Emocjonujące gry wewnętrzne

2010-02-09 19:52:43
Aura na Cyprze zmienia się jak w kalejdoskopie. Po obiedzie na niebie nie wiadomo skąd pojawiły się czarne chmury, z których niczym w tropikach lunął rzęsisty deszcz. Piłkarzom Śląska Wrocław sprzyjało jednak szczęście, bowiem tuż przed treningiem przejaśniło się.
Zgodnie z planem, popołudniowe zajęcia miały charakter gier taktycznych. Po rozgrzewce zawodnicy zostali podzieleni na cztery drużyny, które na bardzo małym boisku rozgrywały pojedynki na duże bramki.

Gdy dwie drużyny walczyły na boisku (mecz trwał trzy minuty), pozostali odpoczywali z boku i dopingowali walczących kolegów. „Brawo Kaczmar”, „Super Amir”, „Dobrze Aka” – co chwilę rozbrzmiewały pochwały od oglądających grę zza linii bocznej.

Gra była niezwykle szybka i efektowna, mała przestrzeń do gry sprawiała, że drużyny szybko przemieszczały się spod jednej do drugiej bramki.
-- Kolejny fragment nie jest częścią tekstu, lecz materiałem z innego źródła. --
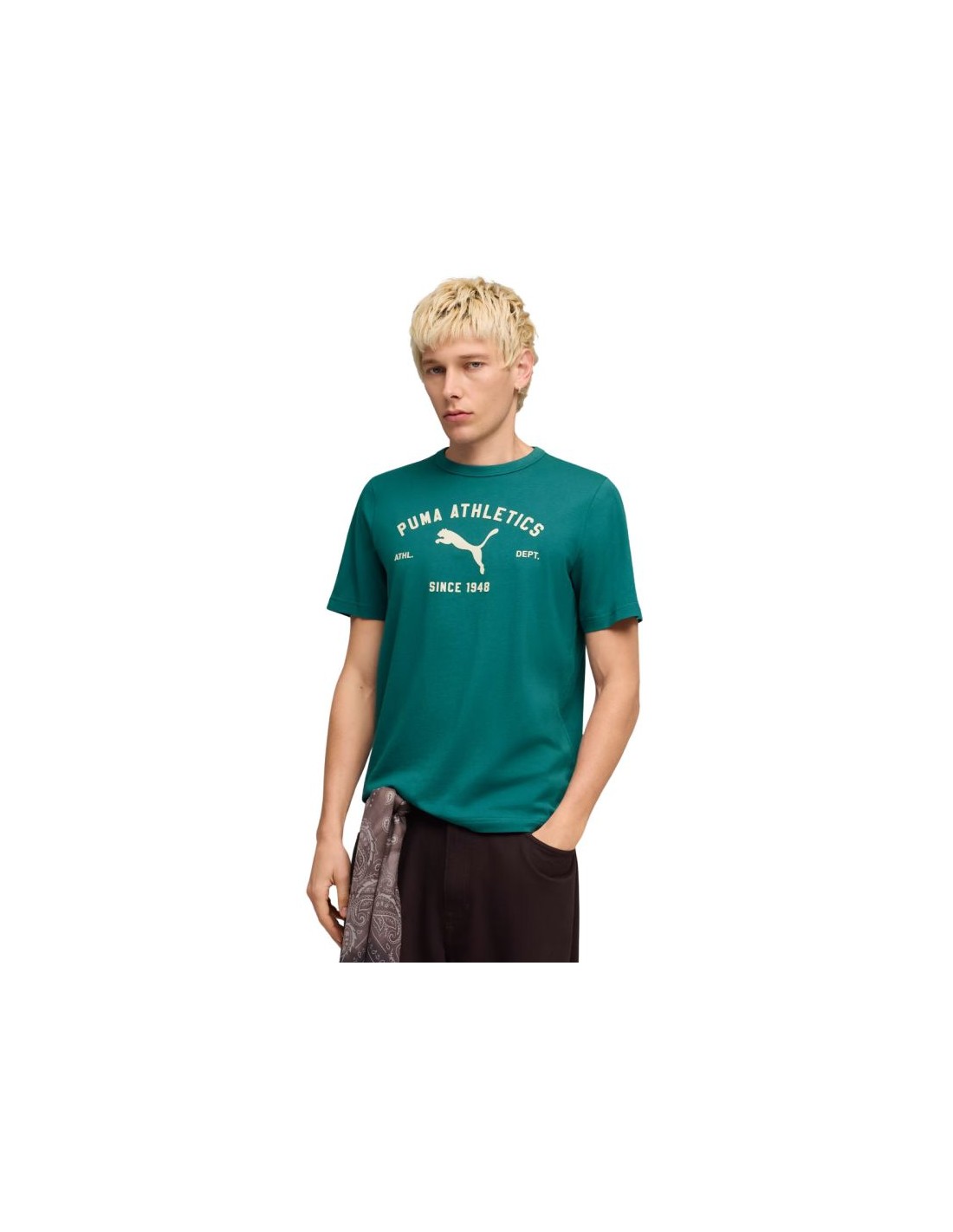 Men's Puma Class Graphic Tee green 692226 41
Ta specyficzna forma gry wymagała od wszystkich zawodników dobrego krycia rywala, bowiem nieupilnowanie przeciwnika przeważnie od razu wiązało się z przewagą liczebną drugiej drużyny pod bramką i stratą gola. – Panowie, musimy biegać za swoim zawodnikiem po całym boisku, nie możemy odpuszczać – mobilizował kolegów Antoni Łukasiewicz.

Choć przed rozpoczęciem rywalizacji trener Ryszard Tarasiewicz prosił zawodników, by nie przesadzać z ostrością gry, to i w tej grze wewnętrznej kilkukrotnie zatrzeszczały kości. Nie obyło się także bez rzutów karnych – do piłki ustawionej na jedenastym metrze podchodzili Sebastian Mila i Dariusz Sztylka, jednak trafił tylko pierwszy z nich. Kapitan WKS-u w poniedziałek pokonał w czasie gry Wojciecha Kaczmarka, ale w tym pojedynku górą był Marian Kelemen.

Po kilkunastu takich trzyminutowych meczach szkoleniowcy zakończyli zajęcia, choć spora część zawodników miała jeszcze ochotę na kopanie futbolówki i pozostała dłużej na murawie.